Supplied data:
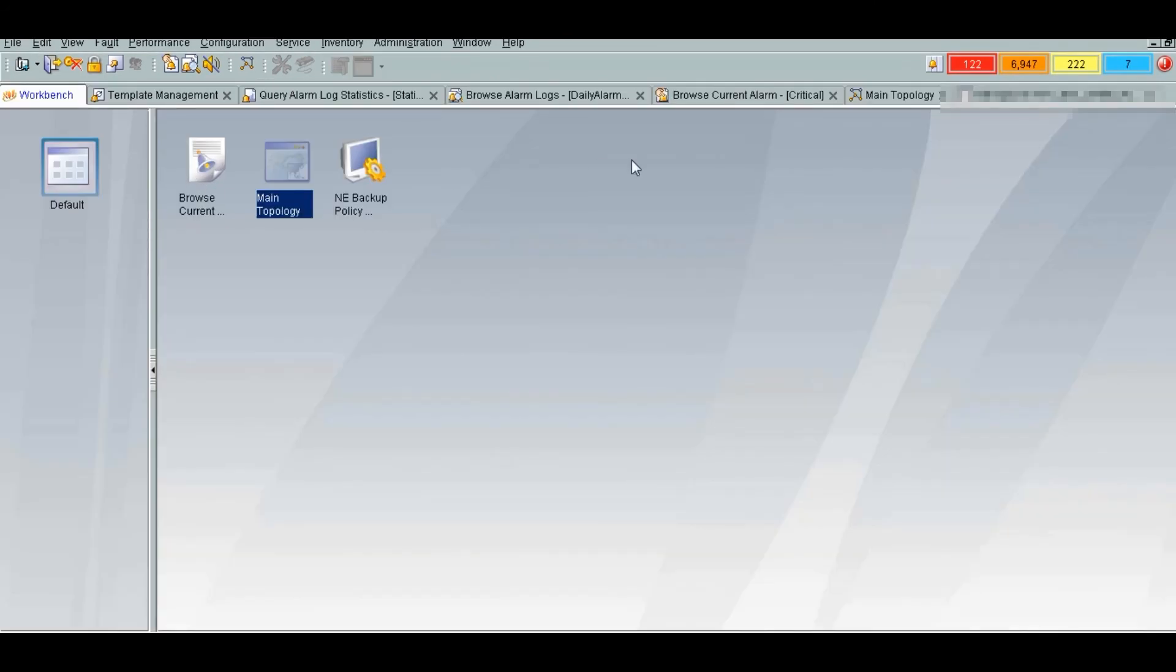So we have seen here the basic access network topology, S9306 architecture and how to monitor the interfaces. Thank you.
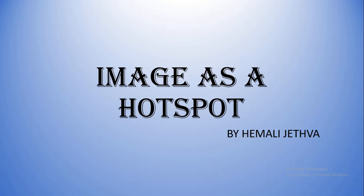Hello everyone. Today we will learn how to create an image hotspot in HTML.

* * *

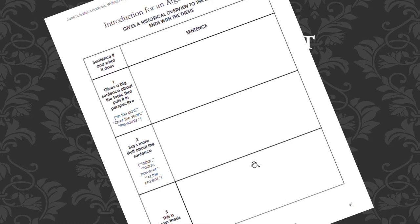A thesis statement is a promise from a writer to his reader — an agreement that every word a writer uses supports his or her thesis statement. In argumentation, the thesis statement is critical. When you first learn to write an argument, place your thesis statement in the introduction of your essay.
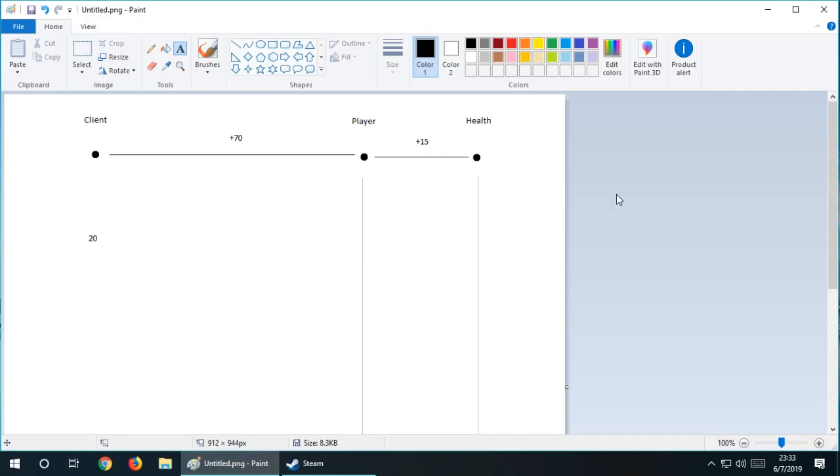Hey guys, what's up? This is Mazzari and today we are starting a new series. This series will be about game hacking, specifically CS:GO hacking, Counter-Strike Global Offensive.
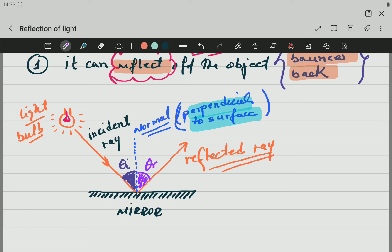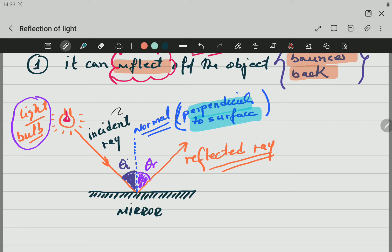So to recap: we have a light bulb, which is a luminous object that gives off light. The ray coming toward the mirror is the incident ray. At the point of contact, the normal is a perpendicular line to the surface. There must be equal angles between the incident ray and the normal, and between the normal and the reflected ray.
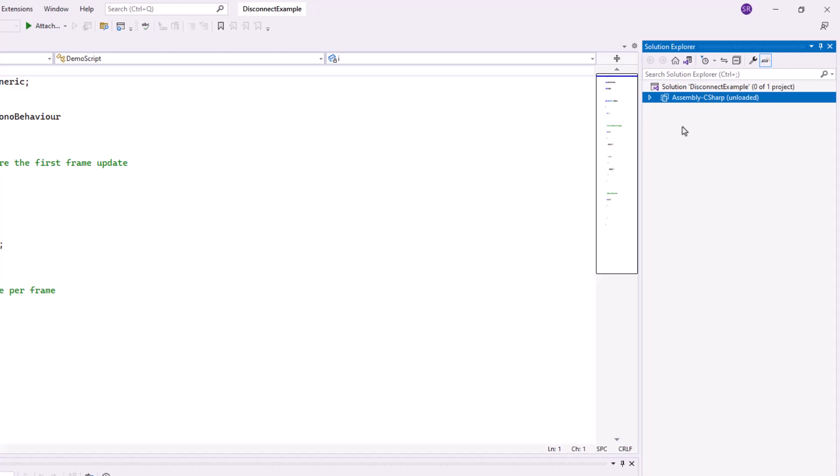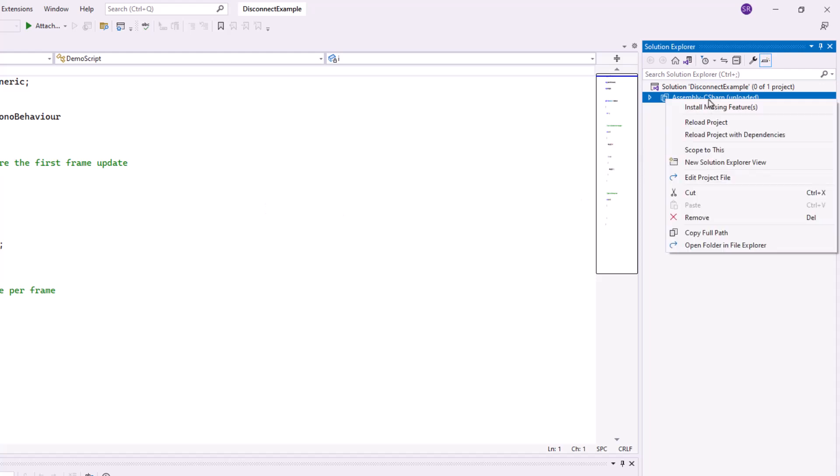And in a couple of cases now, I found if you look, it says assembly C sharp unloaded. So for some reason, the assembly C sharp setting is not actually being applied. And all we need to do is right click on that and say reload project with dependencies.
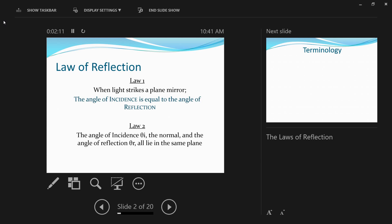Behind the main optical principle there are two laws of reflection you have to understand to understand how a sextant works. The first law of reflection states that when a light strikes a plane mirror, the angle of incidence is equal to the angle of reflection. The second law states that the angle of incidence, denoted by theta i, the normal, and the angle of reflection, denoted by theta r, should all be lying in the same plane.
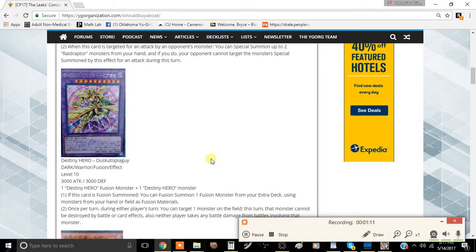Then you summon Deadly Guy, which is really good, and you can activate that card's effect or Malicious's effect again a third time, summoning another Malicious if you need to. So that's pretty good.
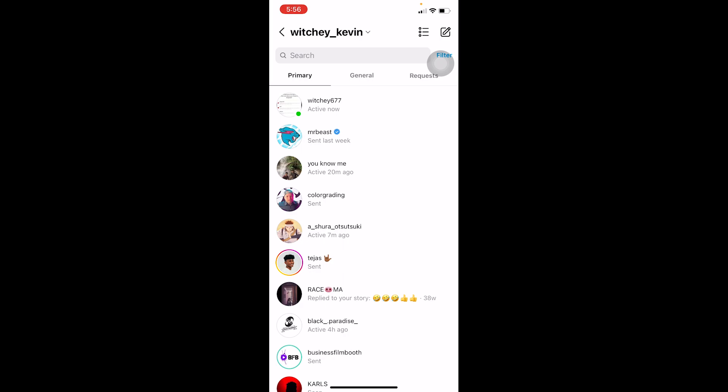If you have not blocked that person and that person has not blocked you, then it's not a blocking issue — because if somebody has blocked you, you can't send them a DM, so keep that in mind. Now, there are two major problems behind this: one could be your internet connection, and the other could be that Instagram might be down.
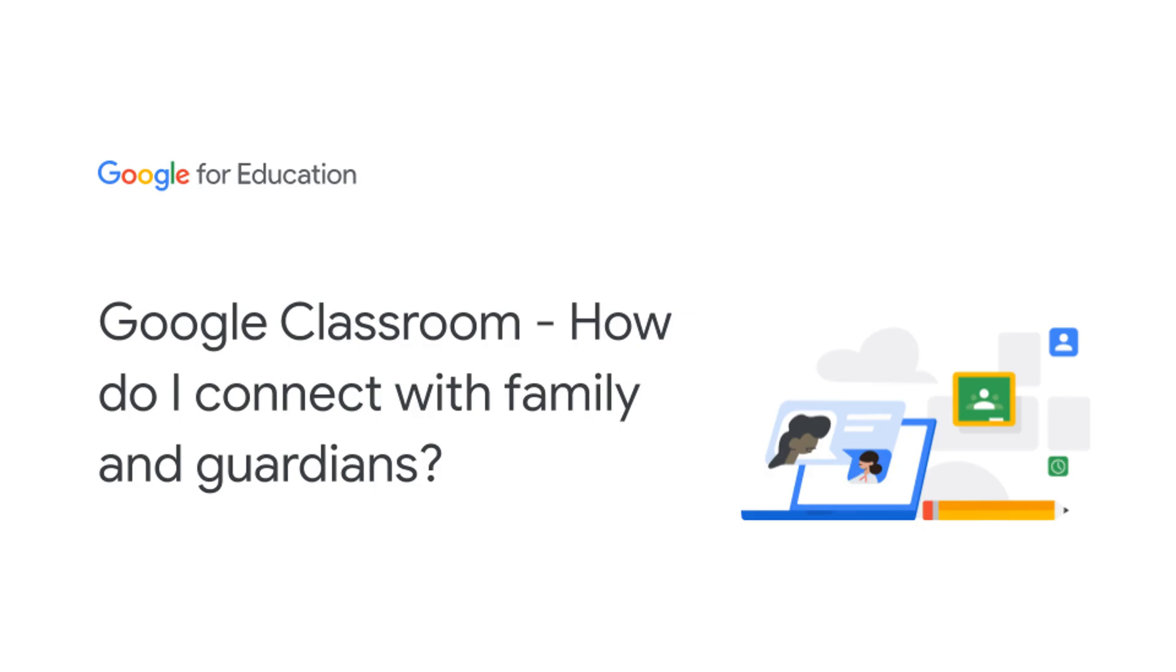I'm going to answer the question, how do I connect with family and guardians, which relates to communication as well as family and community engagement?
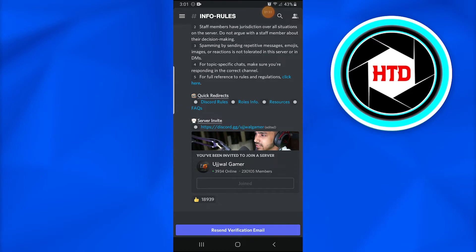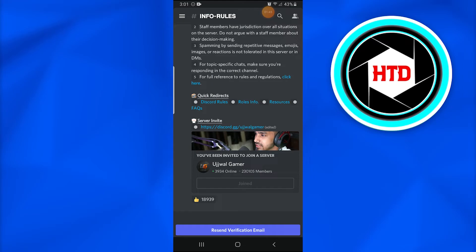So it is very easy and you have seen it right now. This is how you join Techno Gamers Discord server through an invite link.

Action item: Transcribe only the lines above that start at the line containing "I'm going to" and end at the line containing "So it is very". Omit pictures.

Answer space:
I'm going to answer the question, how do I connect with family and guardians, which relates to communication as well as family and community engagement?
So it is very easy and you have seen it right now. This is how you join Techno Gamers Discord server through an invite link.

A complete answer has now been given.